Rubin questiona a viabilidade do VP8, uma vez que a Microsoft e a Apple não oferecem suporte à plataforma. No caso da empresa de Steve Jobs, mantendora das chaves de acesso ao reino do iPad e iPhone, isso é especialmente relevante. Na perspectiva de Rubin, isso não deve mudar no futuro próximo, pois a Apple já investiu pesado no suporte à plataforma H.264.
Qualidade e eficiência da compactação também preocupam os observadores do projeto VP8. A natureza rebelde e pouco esmerada do formato foi sinalizada pelo desenvolvedor do projeto FFmpeg, Jason Garrett-Glaser.
A não ser que se chegue a um consenso referente ao transporte de vídeo na plataforma HTML5, os criadores de conteúdo terão de codificar seus vídeos diversas vezes a fim de torná-los acessíveis aos novos navegadores.

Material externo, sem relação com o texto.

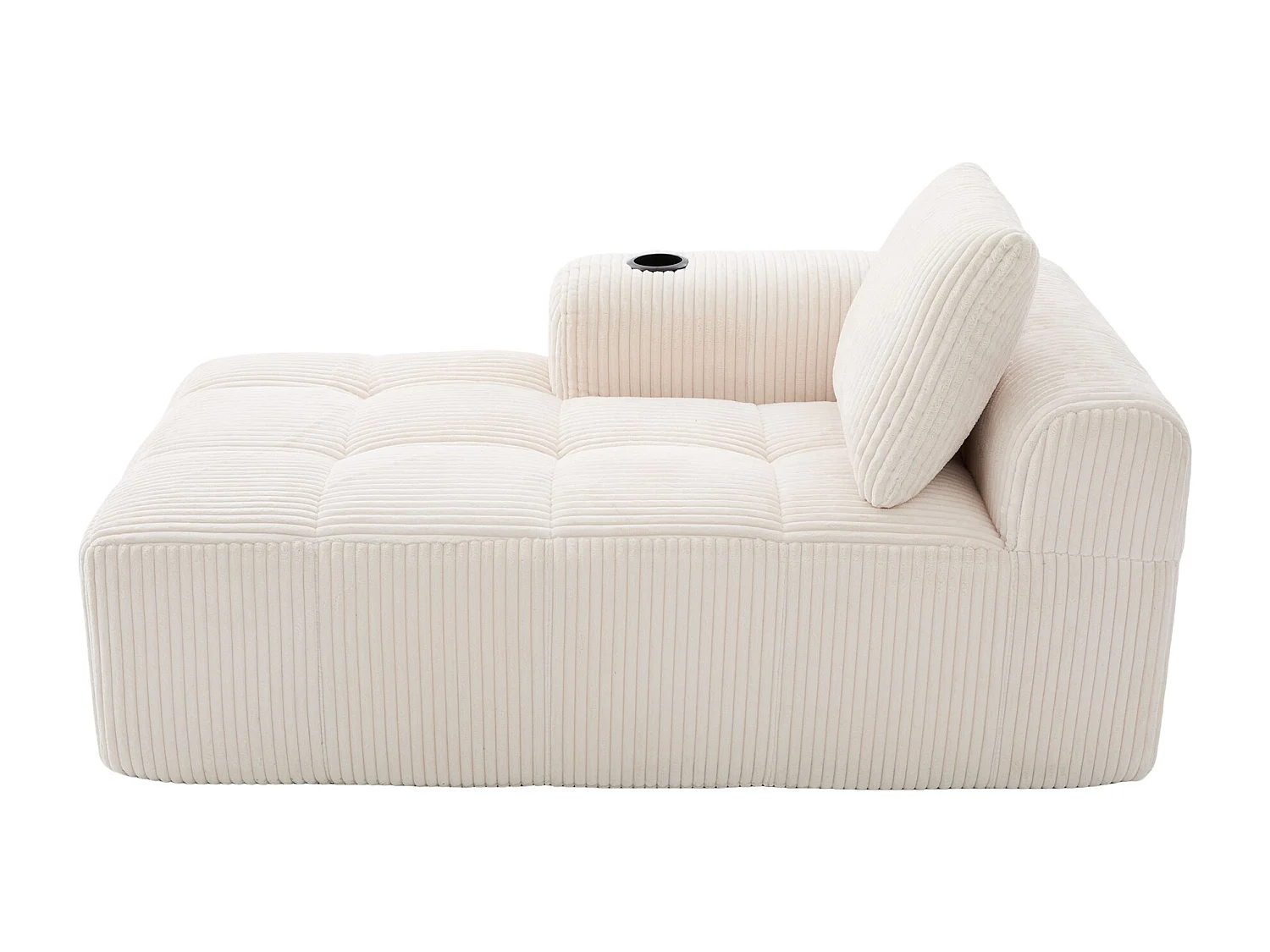 Canapé compact 158x93x61 cm, poches latérales et porte gobelets, corduroy beige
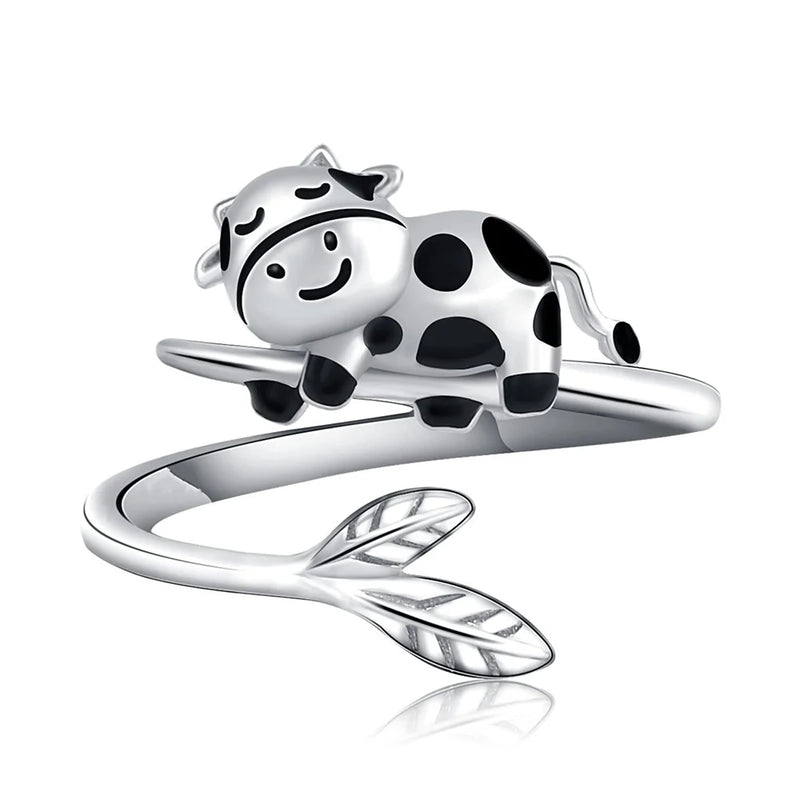 Harong Design New Cow Ring Exquisite Cute Animal Silver Plated Open Ring for Adult Children Party Jewelry Gift Christmas Present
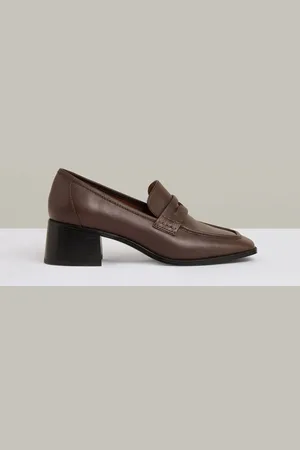 Reiss Heidi Leather Block-Heel Penny Loaferseu355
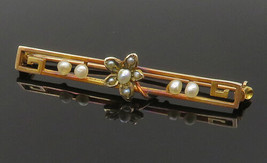 10K GOLD - Vintage Antique Wrapped Flower Cultured Pearls Brooch Pin - GB111 - £113.47 GBP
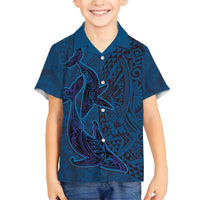 Hawaiian Whales Polynesian Art Motifs Family Matching Summer Maxi Dress and Hawaiian Shirt Blue Color - Polynesian Pride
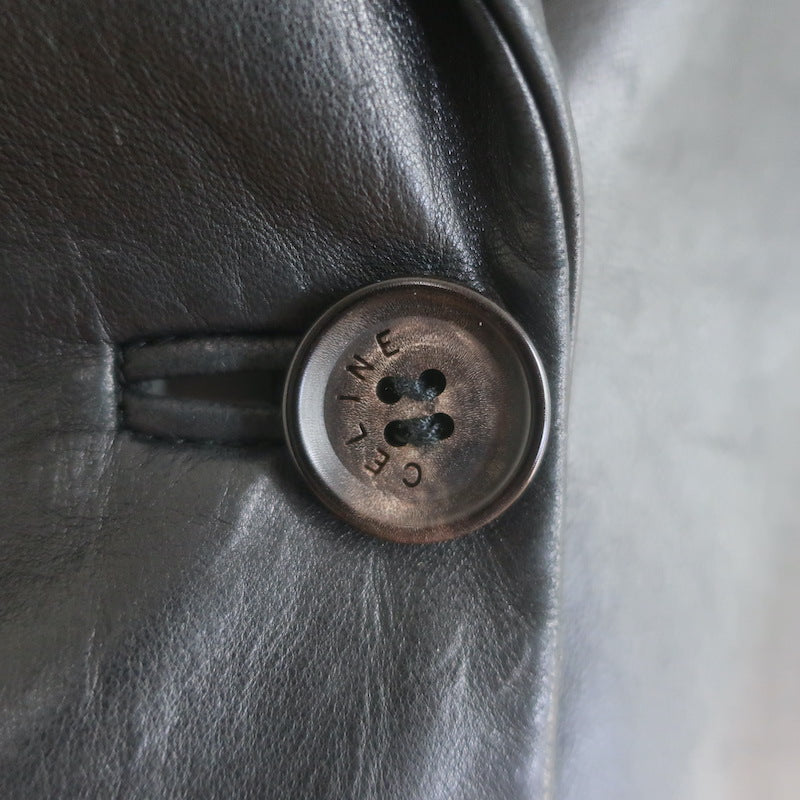 Vintage Celine Leather Blazer Black Size 40 Two-Button Jacket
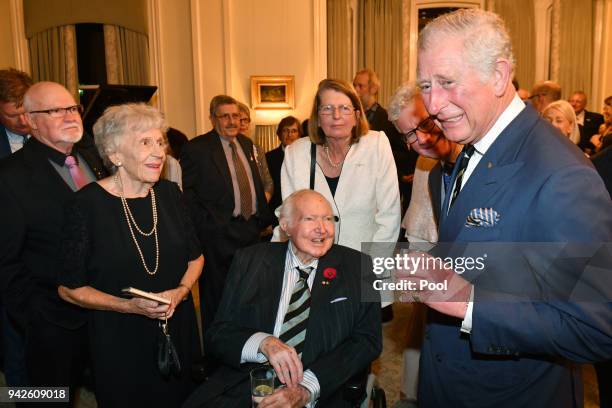 Prince Charles, Prince of Wales meets with his former french teacher Dr Janet West and his former history teacher Michael Collins Persse from Geelong...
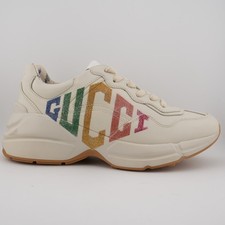 Gucci White Leather Glitter Rhyton Lace Up Sn...
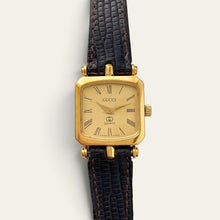 Load image into Gallery viewer, Vintage 1990s Gucci Ladies Quartz Watch Gold-Tone Web Stripe Boxed
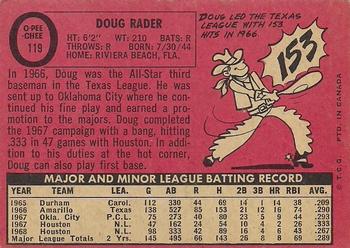 1969 O-Pee-Chee #119 Doug Rader Back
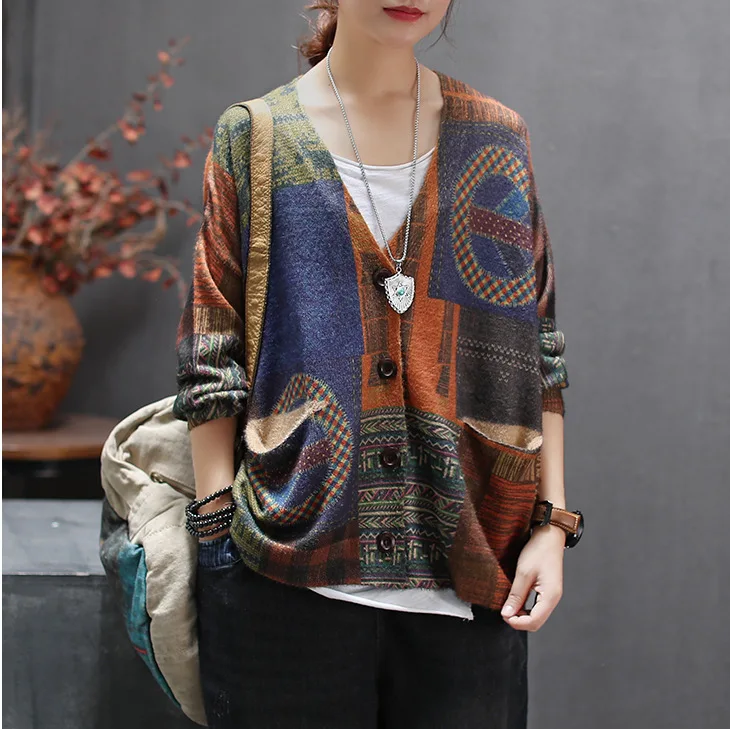 Autumn Sweater Women Retro Loose Knitting jackets 2019 New Ladies Cardigan Tops Long-sleeved pocket Print Casual Coat |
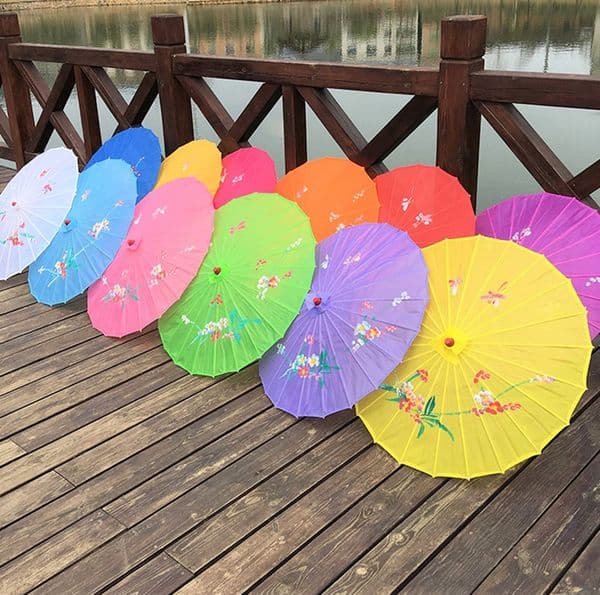 Adults Size Japanese Chinese Oriental Parasol handmade fabric Umbrella For Wedding Party Photography Decoration umbrella DH9580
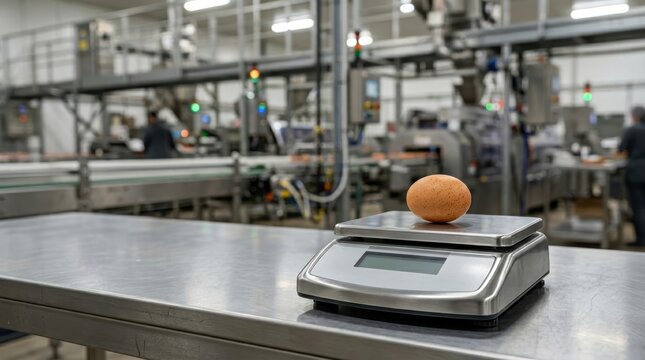 Single brown egg resting on a digital scale in a food processing factory weighing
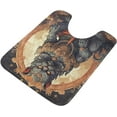 thumbnail image 3 of Dreamtimes Bathroom Rug Toiletry Mat Set Oriental Monster Print, Soft Absorbent Bath Rug and U-Shaped Contour Toilet Rug, Non-Slip Bath Carpet Bath Mats for Bathroom 17.3"x13.4"+23.6"x15.7", 3 of 5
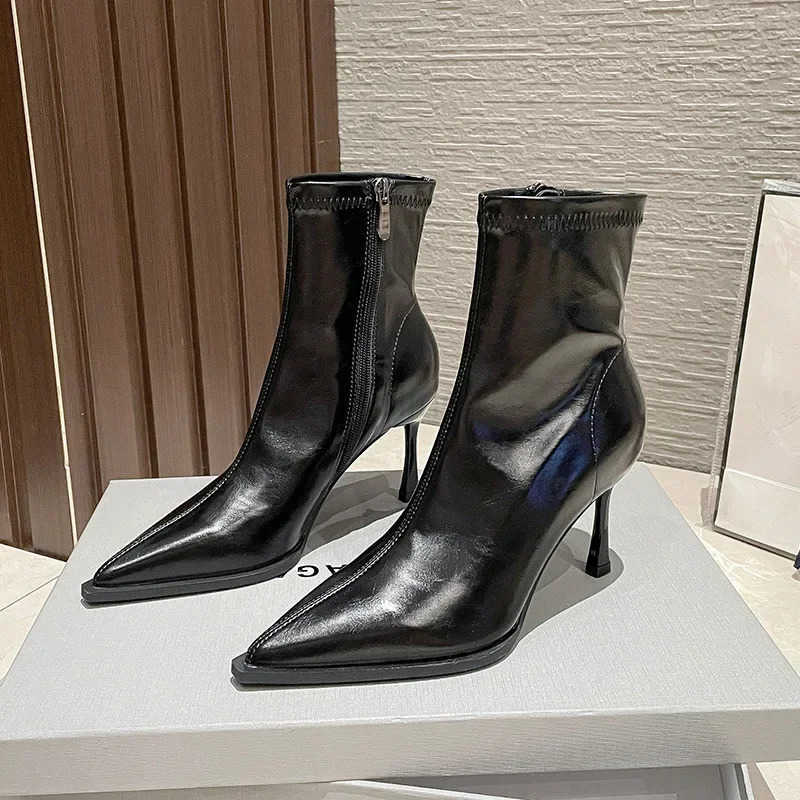 Fion Slimming Boots Elegant Pointed Leather Skinny Boots 2024 Wens Ankle Short Botas Stiletto High H Lolita Shoes Z250304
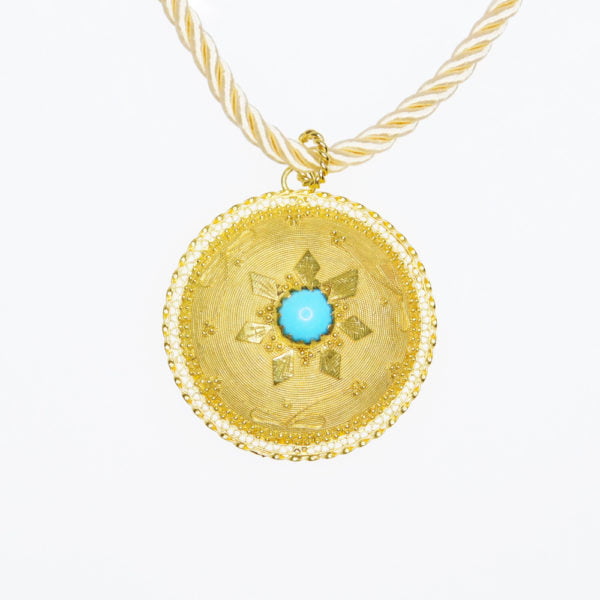 Bottone in filigrana con turchese - Horos Officina Orafa Bottone in filigrana con turchese - Horos Officina Orafa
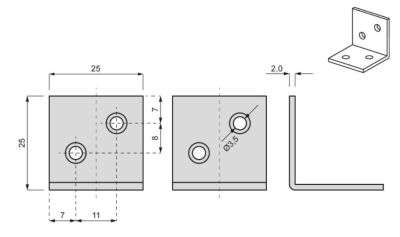 KĄTOWNIK BUDOWLANY 25 x 25 x 25 mm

Quem sabe esse seja o motivo que leve Google e Apple a investir muito dinheiro e muito tempo no processo de chegar a um acordo referente ao iminente HTML5. Talvez, quando isso acontecer, o desenvolvimento pleno de uma plataforma open source seja possibilitado. Seria ótimo que o formato de vídeo fosse padronizado e, preferencialmente, de forma aberta, diz Cote.
A Google tem tecnologia e vontade para financiar tal iniciativa. Dinheiro, a empresa também tem de sobra, e este pode viabilizar a entrada do open vídeo, diz.
Co-existência No fundo de toda a discussão envolvendo o Flash e o HTML5, está escondida a possibilidade dos dois existirem juntos, pacificamente. Não entendo por que essa hipótese não é mencionada. Todos têm a ganhar, diz Cote.
Rubin prevê um cenário no qual ambas as plataformas serão suportadas por sites. Ele acredita que muito do que é visto hoje em dia poderá ser experimentado nas duas tecnologias. De qualquer forma, o Flash deverá continuar a evoluir e a oferecer incentivos para manter o suporte por parte dos desenvolvedores.
Um bom exemplo disso é o YouTube. Apesar do site de vídeos estar apoiado firmemente na plataforma Flash, ele recentemente lançou um serviço front-end para permitir que usuários do iPhone e iPad possam assistir ao conteúdo do provedor de vídeo de propriedade da Google.
Alinhados a essa tática, empresas como a Coincident TV, a Greystripe e a RevShock apostam na demanda por tecnologias que possibilitem aos criadores de conteúdo, transformar os vídeos em algo que o browsers HTML5 possam interpretar. Essa tática pode durar pouco, mas, pode também decidir como as coisas serão daqui para frente.
Pessoalmente, não acredito que uma empresa sólida como a Adobe possa ser ameaçada em suas habilidades; mas, certamente, existe um movimento de integração entre várias tecnologias o que deve possiblitar que qualquer formato funcione em todos os dispositivos, afirma a direção de marketing da Greystripe, na voz de Dane Holewinski.
Todas as formas de cooperação entre as diferentes plataformas redundam em uma confirmação da relevância do Flash no futuro.